Gran parte del trabajo en la terapia de pareja consiste en ayudar a cada uno a estar siempre conectado con lo que le está pasando y no con hablar del otro. Es decir, utilizar los conflictos para ver qué me pasa a mí y para hablar de ello. La idea de esta terapia es ayudar a dos personas que se fueron cerrando para que puedan abrirse. Generalmente llegan llenos de resentimientos, de cosas no expresadas, y la tarea del terapeuta es ayudarlos a soltarse, a decir lo que tienen miedo de decir, a mostrar su dolor.

¿Cómo ayudar a que dos personas vuelvan a abrirse, a mostrarse, a confiar? Básicamente generando un clima de apertura en el consultorio, ayudándolos a aflojarse, a mostrar sus necesidades.

Uno de los objetivos de la terapia es que el encuentro se produzca. Es verdad que un encuentro no puede forzarse, se da o no se da, pero hay actitudes específicas que ayudan. Lo que hacemos los terapeutas es observar qué hace cada uno de los integrantes de la pareja para evitar el encuentro, con la idea de mostrarles cómo lo impide cada uno.

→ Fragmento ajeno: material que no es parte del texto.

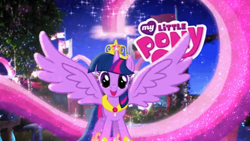 Size: 1253x707 | Tagged: safe, imported from derpibooru, twilight sparkle, alicorn, magical mystery cure, season 3, 10, 2013, amazed, anniversary, beautiful, big crown thingy, celebration, commercial, crown, crystal princess celebration, element of magic, excited, gif, happy, hoof shoes, jewelry, let's fly to the castle, looking at you, magical, magical mystery cure tenth anniversary, my little pony logo, my wings are so pretty, necklace, non-animated gif, princess shoes, regalia, smiling, smiling at you, spread wings, twilight sparkle (alicorn), wings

La manera de no impedir el encuentro es estar presente, en contacto con lo que me va pasando. Lo mismo en cuanto a mi pareja; ver qué está necesitando, cuál es su dolor.

Vemos otra vez cómo los conflictos son una oportunidad para descubrirme, conocerme, estar en contacto con lo que me pasa y aprender de ello.

Las parejas consultan porque están haciendo lo opuesto.

Cada vez que el vínculo entra en conflicto, cada uno comienza a interpretar al otro, a decirle lo que tiene que hacer, a responsabilizarlo de lo indeseable.